Кот сидел как ни в чем не бывало. То ли Сеста вышла из него, то ли просто спала, если она могла там спать. Я мало что знал о таком подселении, но был почти уверен, что она ушла. Бродит где-то по городу Эдту, наполняя бездонную яму своего желудка. Поэтому я взял Обормота за шкирку, посадил себе на колени и почесал за ухом. Он прикрыл слепые глаза и громко заурчал на вдохе и на выдохе, словно лопнувший мех.
– Тогда это только для тебя, – сказал я. – Только между нами.
Город Эдт был прекрасен. Прорытые триста лет назад каналы с зеленоватой водой прорезали кварталы домов из серовато-белого кирпича. На перекрестках стояли ступенчатые каменные пирамиды с клумбами, засаженными розами, тюльпанами и можжевельником, медведушником, винными сливами и физалисом. Границы районов отмечали королевские деревья, зачарованные так, что на месте сорванных плодов за ночь вырастали новые. Любой житель Эдта мог взять себе грушу или яблоко, но только один плод. Взявший второй получал взбучку от королевских дубинок, которые поддерживали порядок в городе, как цепеносицы в Холте.
Эдтское крепкое светлое пиво и медовой сладости сидр отправляли морем в Брайс и Холт или сушей на юг, до самой Бельтии. Выражение «продать пиво антерцу» означало неожиданный успех, а Эдт именно этим и занимался. Говорили, что антерцы пьют только свое пиво и то, что привезено из Эдта, а все остальное даже мочой не считают. Жители Эдта тоже пили антерское пиво, а также галлардийское и спантийское вино, брайсовские мед и сидр, истрийскую граппу и виски из Холта и Гальтии. Любой моряк обрадуется, если его судно станет в порту Эдта, потому что здесь больше славных таверн, чем храмов.

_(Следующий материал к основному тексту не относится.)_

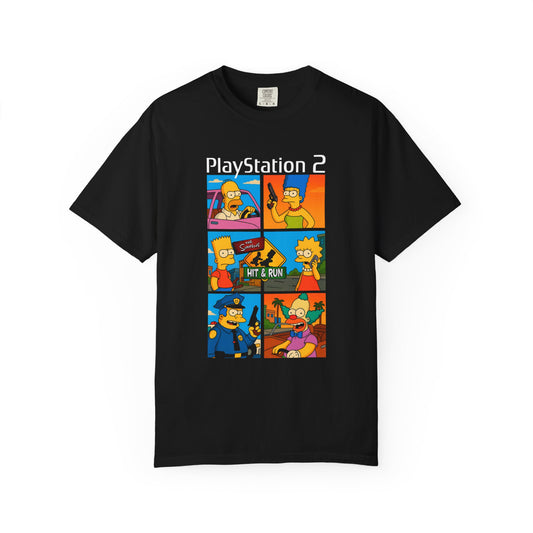 PlayStation 2 The Simpsons Hit and Run T-shirt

А еще у этих таверн замечательные названия: «Пьяный медведь», «Поэма ее любовника», «Крюк и кол», «Ремень твоего отца», «Четвертованное солнце», «Пернатая стерва». Последнюю назвали в честь средиморской королевы, распустившей парламент с такими словами: «Ослы должны возить тележки, а не сидеть и болтать без умолку». Пятеро стариканов из парламента захватили ее в плен, вымазали клеем и обваляли в перьях, заявив, что курица должна нести яйца, а не кукарекать. Но она стала любовницей одного генерала, переманила рыцарей на свою сторону и разогнала парламент. А облапошенным старым пердунам сказала, что курицы и ослы пошли друг на друга войной и курицы победили. Таверна «Курица и осел» стояла на Водной улице. Потом королева запрягла этих пятерых в тележку и прогнала по городу на виду у всех жителей. Таверна «Пять запряженных стариков» находится на Замковой улице, и как раз там мы встретились с Норригаль, чтобы вместе поужинать.
– Я подумала, что на какое-то время ты подойдешь, – сказала Норригаль, глядя на меня поверх чаши с сидром, и таких веселых глаз я у нее еще не видел.
– Подойду для чего?
– Для меня.
Я почти никогда не краснел, но тут залился румянцем. Вытянул из рагу кроличью ножку и принялся слизывать с нее подливку с таким видом, будто больше меня ничего не интересует.
– Мы с тобой могли бы дать лунную клятву, со всем, что при этом полагается, но только если ты согласишься на мои условия.
На тарелке перед ней лежал перепел с черносливом и розмариновый хлеб. Она оторвала жареное крылышко, стянула зубами кожицу и обсосала косточку так, что это казалось скорее естественным, чем бесстыдным. Хотя, разумеется, означало именно то, что означало.